§ Exercise objective
Starting at the line that contains "Ornamento A Vida", copy every line through the end of the records below exactly as written, leaving out pictures.

─── Provided records ───

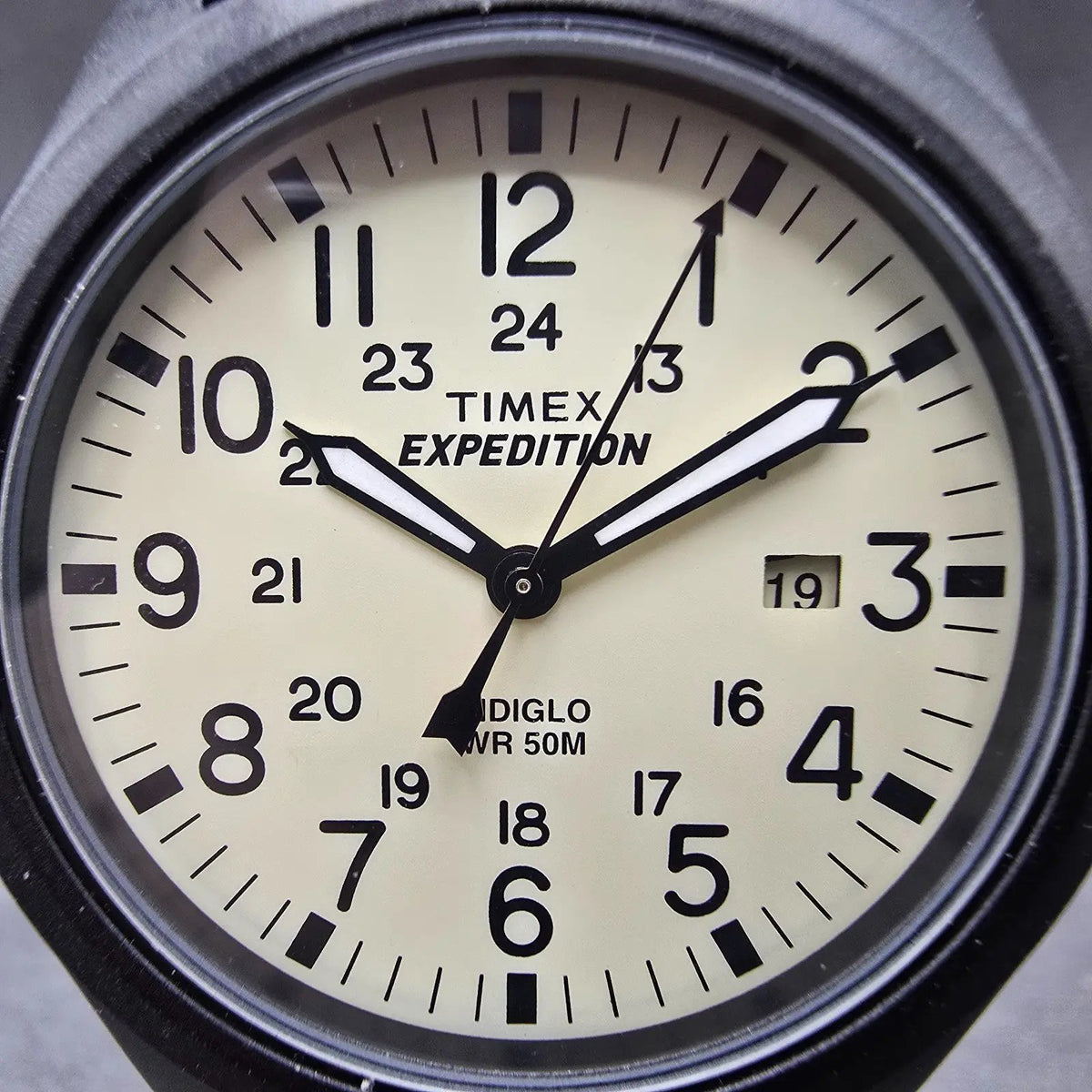 Timex Expedition Scout Watch Men 40mm Cream Dial Black Date Round New Battery L1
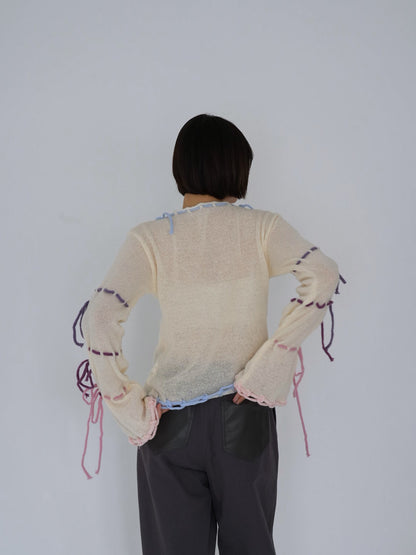 ribbon detail knit top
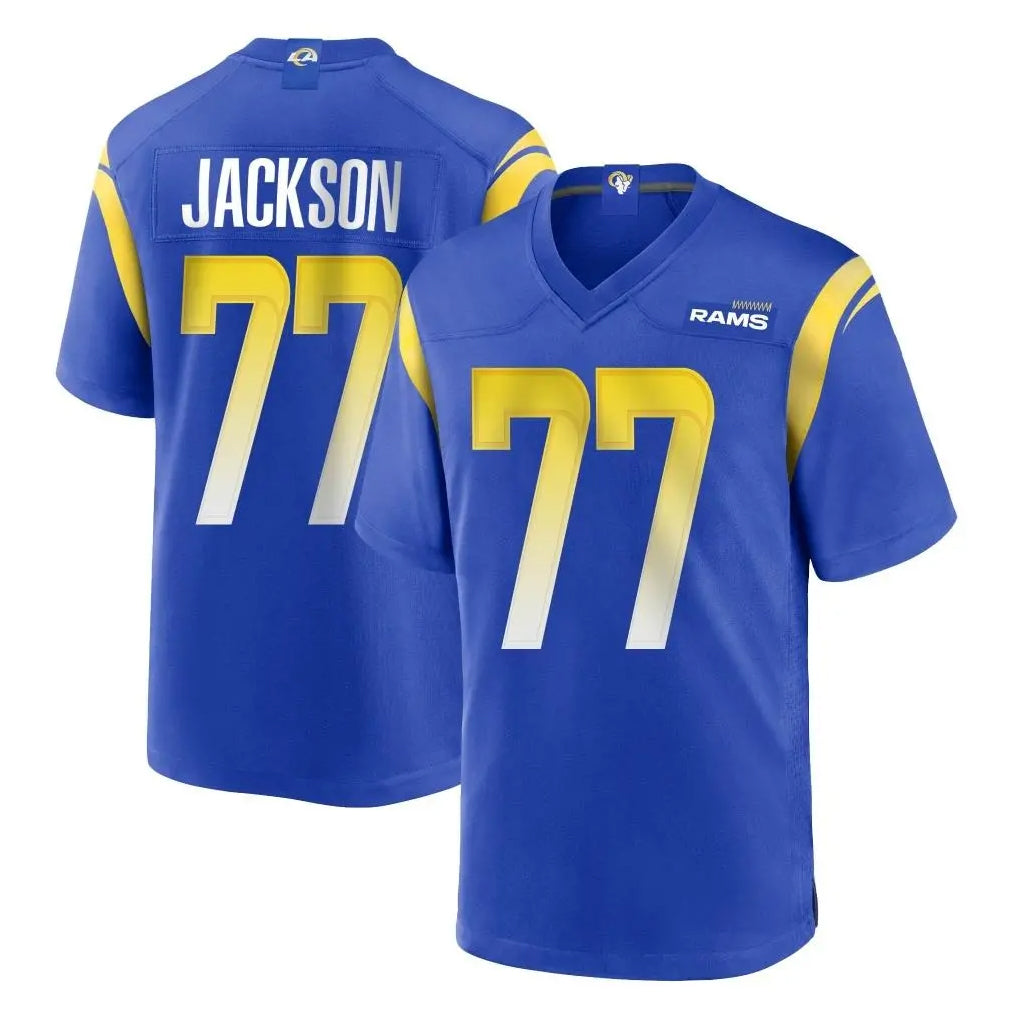 Johmsee LA.Rams #77 Alaric Jackson Player Royal Home Game Stitched Jerseys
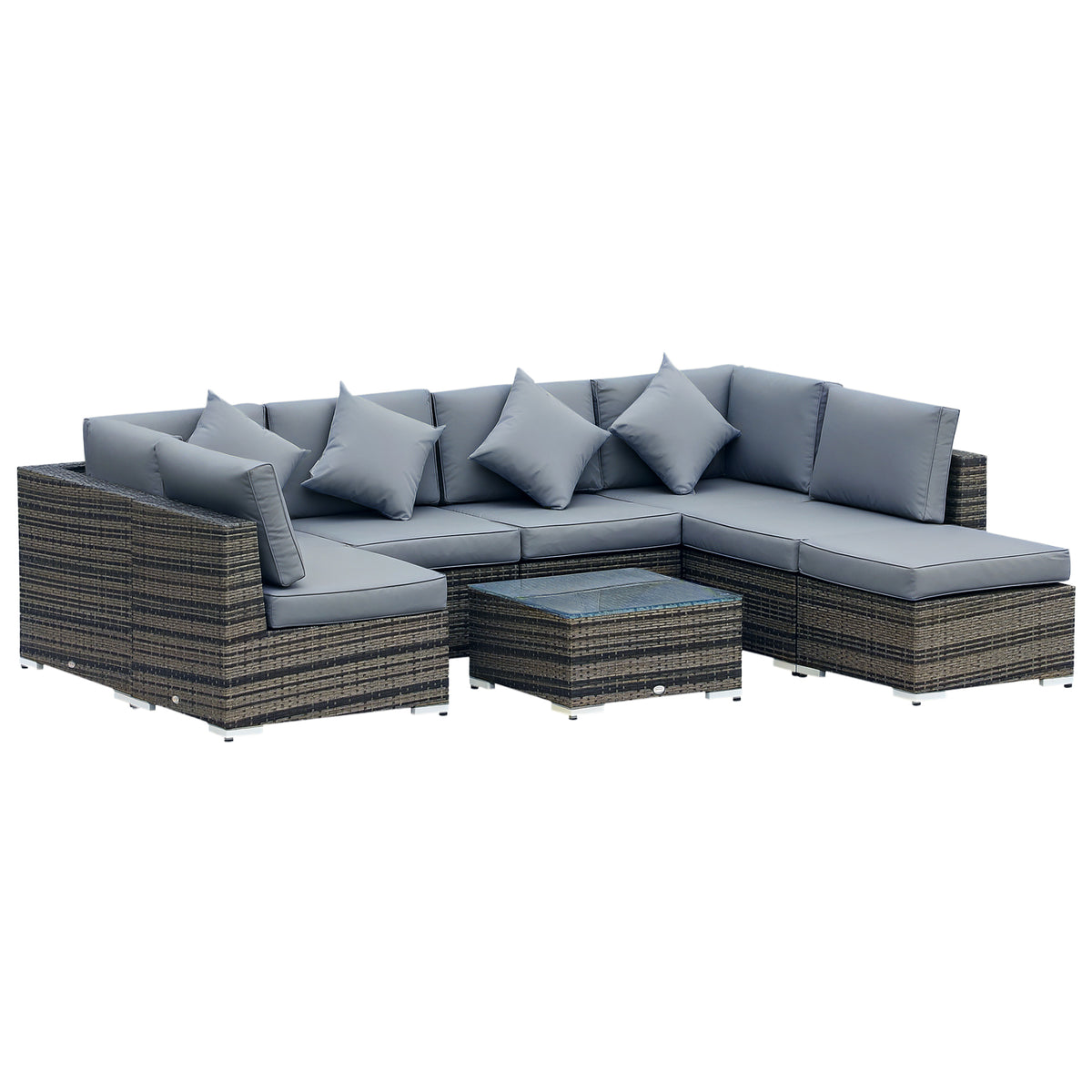 Outsunny 8 Piece Rattan Corner Sofa Set in Grey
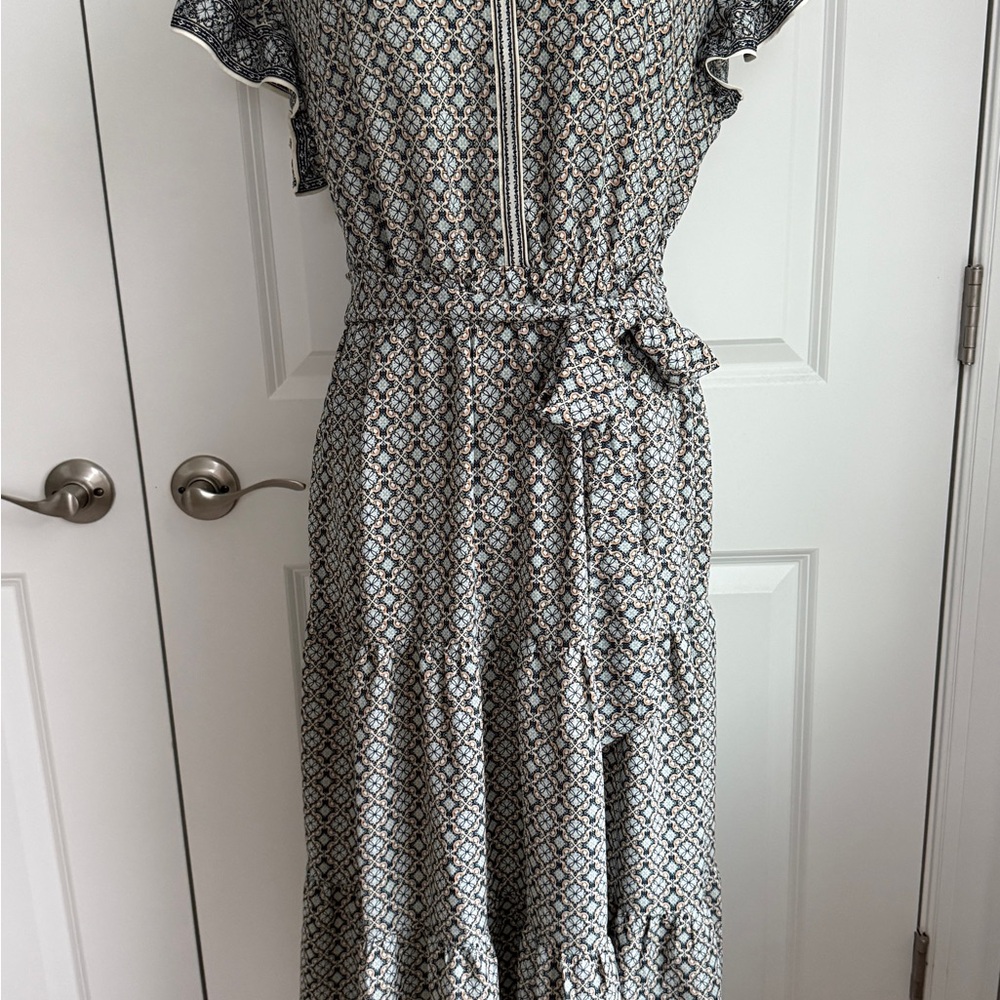 NWT Max Studio Womens Blue Ruffle Short Sleeve Pattern Midi Dress Ruffled Sz M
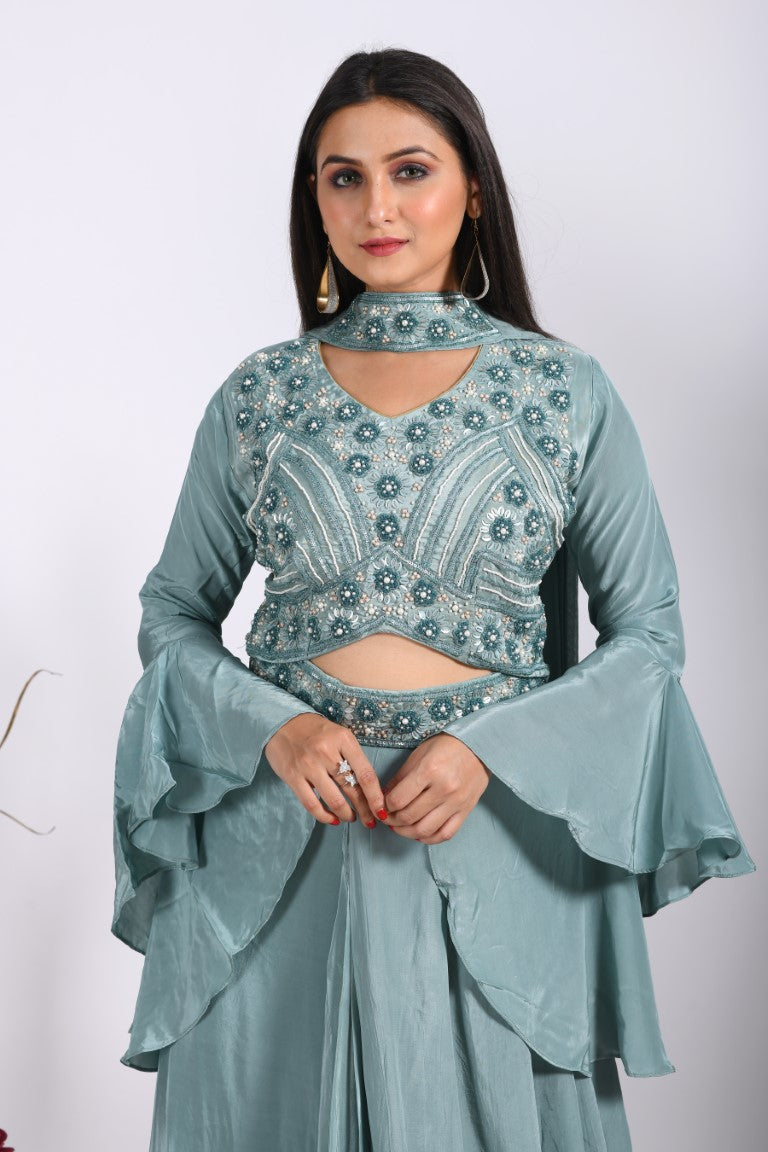 Morchari Crop Top With Dupatta With Hand Embroidery - Grey | Grocsy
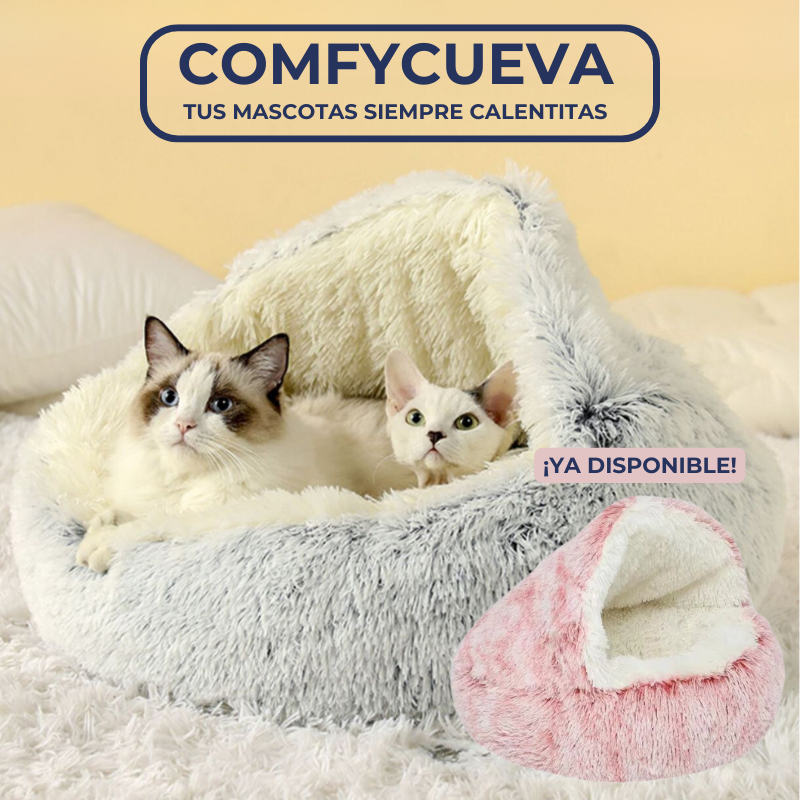 Cama antiestrés cerrada para gatos con cojín extraíble y lavable.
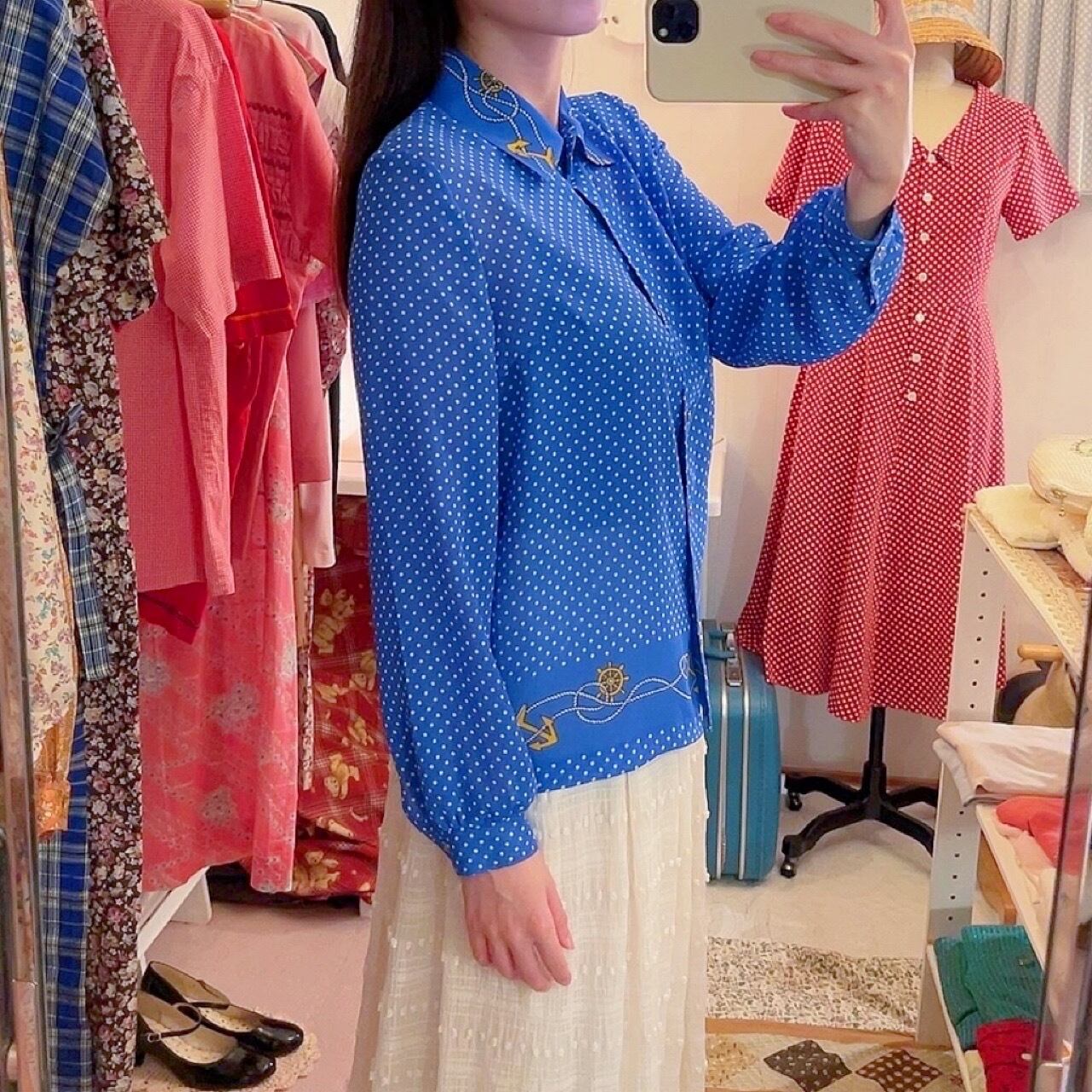 marine dot blue shirt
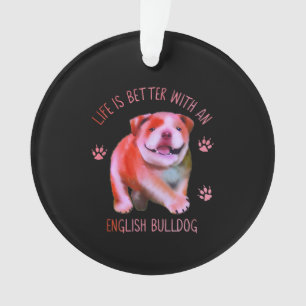 Ornamento A Vida É Melhor Com Um Cachorro Inglês Engraçad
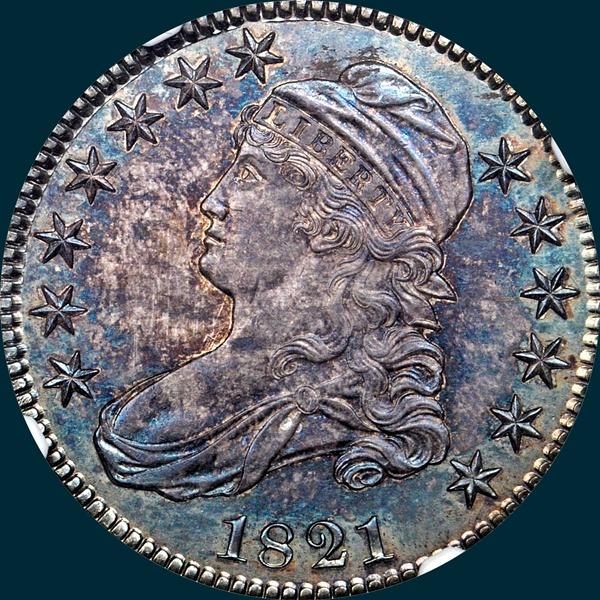 1821 O-104, capped bust half dollar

───

§ Exercise response
 Ornamento A Vida É Melhor Com Um Cachorro Inglês Engraçad
 1821 O-104, capped bust half dollar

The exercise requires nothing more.